Analysis with Event-Based Profiling
This section is a brief introduction to analysis with event-based
profiling. A CodeAnalyst project must already be opened by following
the directions under Creating a
CodeAnalyst Project, or by opening an existing CodeAnalyst
project. It also assumes that session settings have been established
and CodeAnalyst is ready to profile an application.
Event-based profiling uses the hardware performance event counters to
measure the number of specific kinds of events that occur during
execution. Processor clock cycles, retired instructions, data cache
accesses and data cache misses are examples of events. The specific
events to be measured are determined by the profile configuration that
is used to set up data collection. CodeAnalyst provides five
predefined profile configurations to collect performance data using
event-based sampling. These profile configurations are:
- Assess performance: Assess overall program performance.
- Investigate data access: Investigate how well software uses the data cache (DC).
- Investigate instruction access: Investigate how well software uses the instruction cache (IC).
- Investigate L2 cache access: Investigate how well software uses the unified level 2 (L2) cache.
- Investigate branching: Identify mispredicted branches and near returns.
These profile configurations cover the most common program performance issues of interest. Later in this section, we demonstrate how to select events and configure data collection in order to investigate issues that are not covered by the predefined profile configurations.
Assessing Performance
A drop-down list of the available profile configurations is included in the CodeAnalyst toolbar.
- Select the Assess performance profile configuration. This profile configuration is a good starting point for analysis because it generates an overview of program performance. The overall assessment may indicate one or more potential issues to be investigated in more detail by using one of the other predefined configurations (or by using a custom profile configuration of your own).

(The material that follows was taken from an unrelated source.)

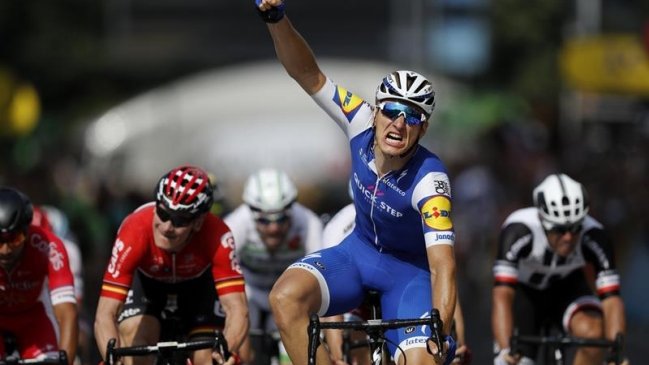 Marcel Kittel fue por segunda vez el más rápido en el Tour 2017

- Click the Start button in the toolbar or
select Profile > Start to begin
profiling. CodeAnalyst starts data collection and launches the
application program that was specified in the session
settings. The session status displays in the status bar in the
lower left corner of the CodeAnalyst window. Session progress
displays in the lower right corner. The blank window is
the console window in which the application program,
“classic” is running.

When data collection is complete, CodeAnalyst processes the performance data and creates a new session under “EBP Sessions” in the session management area on the left side of the CodeAnalyst window. Results are shown in the System Data, System Graph and Processes tabs. The System Data table, System Graph and Processes table resemble and behave like their TBP counterparts. However, the type and number of event-based samples are shown instead of timer samples.

The Overall assessment view displays an overview of software performance. The System Data table shows the number of events and computed performance measurements for each module that was active during data collection. The Overall assessment view shows:
- CPU clocks: CPU clocks not halted event
- Instructions per clock cycle (IPC): Retired instructions / CPU clocks
- DC (data cache) miss rate: DC misses / retired instructions
- DTLB (data translation lookaside buffer) miss rate: DTLB miss / retired instructions
- Misaligned access rate: Misaligned accesses / retired instructions
- Mispredict rate: Retired mispredicted branch instructions / retired instructions
In general, when the term rate appears in a computed performance measurement, the rate is expressed as “events per retired instruction.” A rate indicates how frequently an event is occurring. A high rate, such as a high DC miss rate, may indicate the presence of a performance problem and an opportunity for optimization.
The specific combination of events and computed performance measurements that are shown in a table or graph are a view. CodeAnalyst may offer more than one view depending upon the kinds of data (e.g., events) that were collected. The drop-down list (immediately above the System Data tab) contains the available views. The All Data view is always available.
- Select the All Data view from the drop-down list.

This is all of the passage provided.